The official forecast from the currency strategy team at Citi, the foreign exchange market's single biggest player, is for the dollar to rise past parity to the euro in the third quarter of this year.
But Buiter, a past member of the Bank of England's Monetary Policy Committee and professor at Yale, Cambridge and the London School of Economics, said there was the potential for the next batch of US jobs numbers to trigger a slide.
That largely reflects doubts about the solidity of US growth, backed by poor retail sales and durable goods data this month, and his belief that the Federal Reserve will not raise US interest rates until at least December.
"There is the suspicion that the US economy is weaker than we think," Buiter said. "The next batch of US labour (figures) will be unusually important. If they confirm that weakness then we are likely to see more downward pressure on the dollar."

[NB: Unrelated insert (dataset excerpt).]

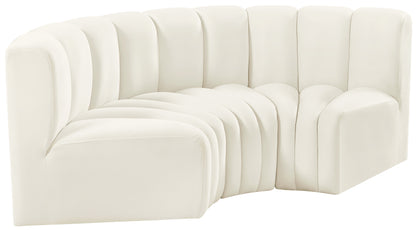 Zara Cream Velvet Modular Sofa S3C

He and his colleagues from the bank's economics team said they stood by official forecasts for the dollar to strengthen further in the longer run, given the prospect of a prolonged programme of money-printing by the European Central Bank. But Buiter said expectations the Fed will hike rates in the third quarter of this year now looked misplaced. "The market is still behind the curve on the Fed increases, they are likely to move later and therefore you could expect some relative weakening on the dollar," he said.

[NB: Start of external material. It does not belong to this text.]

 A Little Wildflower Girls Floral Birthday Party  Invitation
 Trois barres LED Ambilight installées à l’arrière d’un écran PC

After months when the major banks all predicted inexorable gains for the dollar, the first cracks have begun to appear.
On March 19, HSBC said it now expected the euro to be worth $1.20 by the end of 2017, arguing that a nearly uninterrupted rally in the dollar since June was nearing its end. Analysts from J P Morgan have voiced similar doubts. The euro traded at $1.0860 per dollar on Friday, up 0.2 percent on the day, and roughly halfway between the lows and highs of a volatile two weeks.